Description
Nathan Leopold seemed to live a charmed life: a published, polyglot college graduate by the time he was 19 and from a prominent, wealthy Chicago family. So, it was a shock to everyone when he and his lover, Richard Loeb, confessed to killing their 14-year-old neighbor Bobby Franks “for a thrill.”
During the summer of 1924 the world watched in fascinated horror as the pair were defended by the famous Clarence Darrow in what many labeled "the trial of the century." There was a massive public outcry when the murderers were spared the death penalty, and once they were behind bars, most hoped they would never be heard from again.

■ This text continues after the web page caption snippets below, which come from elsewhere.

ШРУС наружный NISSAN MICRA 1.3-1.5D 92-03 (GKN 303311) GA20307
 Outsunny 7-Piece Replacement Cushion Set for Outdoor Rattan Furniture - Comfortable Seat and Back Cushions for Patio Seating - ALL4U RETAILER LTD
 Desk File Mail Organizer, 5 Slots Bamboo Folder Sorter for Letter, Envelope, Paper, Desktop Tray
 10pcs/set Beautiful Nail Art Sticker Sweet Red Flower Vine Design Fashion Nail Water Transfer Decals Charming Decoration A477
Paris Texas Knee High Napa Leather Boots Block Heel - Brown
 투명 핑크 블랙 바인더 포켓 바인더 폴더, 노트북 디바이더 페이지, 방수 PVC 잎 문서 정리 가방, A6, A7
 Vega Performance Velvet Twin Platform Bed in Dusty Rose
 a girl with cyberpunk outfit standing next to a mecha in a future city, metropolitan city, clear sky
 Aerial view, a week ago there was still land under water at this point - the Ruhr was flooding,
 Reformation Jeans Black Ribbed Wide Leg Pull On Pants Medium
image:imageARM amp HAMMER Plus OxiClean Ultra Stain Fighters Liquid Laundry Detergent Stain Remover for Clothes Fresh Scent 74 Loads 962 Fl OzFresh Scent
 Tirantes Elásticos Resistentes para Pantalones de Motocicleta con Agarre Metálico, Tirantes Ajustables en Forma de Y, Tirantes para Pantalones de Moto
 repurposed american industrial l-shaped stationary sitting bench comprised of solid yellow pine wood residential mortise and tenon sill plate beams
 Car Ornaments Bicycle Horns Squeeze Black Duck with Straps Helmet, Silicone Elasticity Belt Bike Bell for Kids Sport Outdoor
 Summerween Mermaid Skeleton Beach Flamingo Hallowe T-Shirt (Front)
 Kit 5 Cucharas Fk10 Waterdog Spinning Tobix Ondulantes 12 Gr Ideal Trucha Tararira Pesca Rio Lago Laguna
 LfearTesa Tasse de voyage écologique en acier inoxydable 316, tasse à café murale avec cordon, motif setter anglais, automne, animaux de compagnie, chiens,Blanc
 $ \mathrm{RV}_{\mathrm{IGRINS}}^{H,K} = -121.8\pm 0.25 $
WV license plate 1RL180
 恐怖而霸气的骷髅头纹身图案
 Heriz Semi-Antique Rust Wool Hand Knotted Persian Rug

33 years after the murder, it seemed that Nathan Leopold was a changed man. In prison he ran a high school and library, worked as a nurse, and helped find a cure for malaria. He was deemed rehabilitated and paroled to a tiny town in the mountains of Puerto Rico. There he got a degree in social work, raised funds to build a hospital, and advocated for the abolishment of prisons and capital punishment. When he died in 1971 there was an outpouring of support for the “gentle” “reformed” killer. Yet his life was not what it seemed.
100 years after the murder, this groundbreaking new biography uses previously unseen archival collections to look at the full life of Nathan Leopold and reveal the motivations behind Bobby’s death and the secrets kept hidden from history.